What Is A Ventilator, Anyway?

As we all know, ventilators are in short supply in hospitals around the world—and patients who go into respiratory failure as a result of the coronavirus may not be able to get the help that they need to breathe.

The number of COVID-19 patients who require aggressive breathing assistance is still relatively small compared to the total number of infections, but the US and other countries are preparing to ration the machines, asking manufacturers to rush their production, and even creating makeshift ventilators out of scuba masks. Some hospitals are figuring out how to share a single ventilator between multiple patients.

So what is a ventilator, and how sick do you have to be to need one?

Ventilators 101

A healthy person can inhale oxygen and expel carbon dioxide at a normal rate to keep the body functioning. But a person with sick or damaged lungs cannot breathe in regular air fast or hard enough to support their body’s oxygen needs. A ventilator does this work by creating pressure to open the lungs, delivering oxygen to the lungs through a tube, and removing the carbon dioxide the lungs create.

When you breathe, your diaphragm and other muscles in your chest contract, which expands your chest and creates negative pressure to pull oxygen-rich air into the lungs. You exhale carbon dioxide when these muscles relax and your chest returns to its normal size. If your body can’t create that negative pressure on its own, a ventilator can be used to create positive pressure—pushing air in instead.

Mechanical ventilators used in critical care settings are large, complex devices that run on power and are connected to a central oxygen source. The bulk of the machine is a monitor with dials, displays, and settings options that can be adjusted to each patient’s breathing needs.

Inside the housing is a bellows that—like an Ambu bag you’ve seen paramedics use on TV—pushes oxygenated air through a series of tubes and into the lungs.

Before it reaches the patient, the air runs through a humidifier, which warms and moistens it. From there, the oxygenated air is pushed through a tube that delivers it to the lungs and removes the resulting carbon dioxide.

Patients on mechanical ventilation are generally intubated—meaning they have a tube inserted through their mouth and into their airway. Once an endotracheal tube is in place, the end balloons out to seal off the airway, which prevents any gas or fluid from leaking backward as air is pushed into the lungs.

Intubated patients are also at least mildly sedated for part or all of their time on mechanical ventilation. Beyond the discomfort of having a tube shoved down your throat, it can feel like you’re choking, suffocating, or drowning.

There are less invasive types of breathing assistance, such as oxygen delivered through a mask, but for a COVID-19 patient, supplemental oxygen may not be enough.

COVID-19 affects the respiratory system, so people with preexisting lung conditions are already a half-step behind, said Dr.
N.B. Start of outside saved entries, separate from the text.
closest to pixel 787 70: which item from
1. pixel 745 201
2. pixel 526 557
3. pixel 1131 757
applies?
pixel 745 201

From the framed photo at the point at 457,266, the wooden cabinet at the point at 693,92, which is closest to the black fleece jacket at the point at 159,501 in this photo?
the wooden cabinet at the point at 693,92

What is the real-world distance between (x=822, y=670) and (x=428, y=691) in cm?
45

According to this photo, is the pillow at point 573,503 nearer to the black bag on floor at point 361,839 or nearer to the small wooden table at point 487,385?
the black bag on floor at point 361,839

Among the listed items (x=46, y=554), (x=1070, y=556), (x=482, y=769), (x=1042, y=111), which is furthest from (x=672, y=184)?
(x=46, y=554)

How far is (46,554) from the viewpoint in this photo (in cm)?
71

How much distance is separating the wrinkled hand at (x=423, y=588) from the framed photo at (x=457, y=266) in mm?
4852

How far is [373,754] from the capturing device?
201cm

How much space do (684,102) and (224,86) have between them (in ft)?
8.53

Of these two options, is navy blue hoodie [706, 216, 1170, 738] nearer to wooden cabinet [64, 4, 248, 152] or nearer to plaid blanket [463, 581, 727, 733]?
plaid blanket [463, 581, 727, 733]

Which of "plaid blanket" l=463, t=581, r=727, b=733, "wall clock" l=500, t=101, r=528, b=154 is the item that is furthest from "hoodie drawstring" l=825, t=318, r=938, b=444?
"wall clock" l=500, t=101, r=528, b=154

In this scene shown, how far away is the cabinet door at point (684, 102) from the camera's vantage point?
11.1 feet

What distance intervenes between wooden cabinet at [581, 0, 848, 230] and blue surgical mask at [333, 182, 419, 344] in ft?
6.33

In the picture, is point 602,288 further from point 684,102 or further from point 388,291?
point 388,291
Brian Redmond, an anesthesiologist in Savannah, GA. Smokers, older adults, and patients with other respiratory problems have less efficient lungs and may be hit harder by breathing issues resulting from the virus.

Why the ventilator shortage?

When there’s not a global pandemic, there are still patients on ventilators. But many of those people require machines for only a few hours (during surgery, for example) or a few days, and then they’re passed on to the next patient. COVID-19 patients in respiratory failure often need mechanical ventilation for a week or more, so machines aren’t freed up at the same rate.

“The reason there’s a bottleneck is because there are too many sick patients, and when they go on they stay on a long time,” Redmond said.

Plus, a ventilator is not a set-it-and-forget-it device. It requires constant monitoring and frequent fine-tuning to balance the pressure, the volume, the oxygen percentage, and the breathing rate for each individual patient—which means that having lots of people on ventilators taxes the resources of already-busy hospitals, nurses, and doctors.

An additional hurdle with COVID-19 is that medical staff have to be dressed in personal protective equipment—gowns, masks, gloves, goggles—each time they interact with a patient. That means they can’t just walk in and turn a dial to adjust the machine, Redmond said. There’s also a risk of exposure to the virus during intubation.

There are risks to patients who stay on mechanical ventilation long-term as well, but Redmond says that’s not a leading concern for coronavirus.

“We’re just trying to get these people to survive,” he said.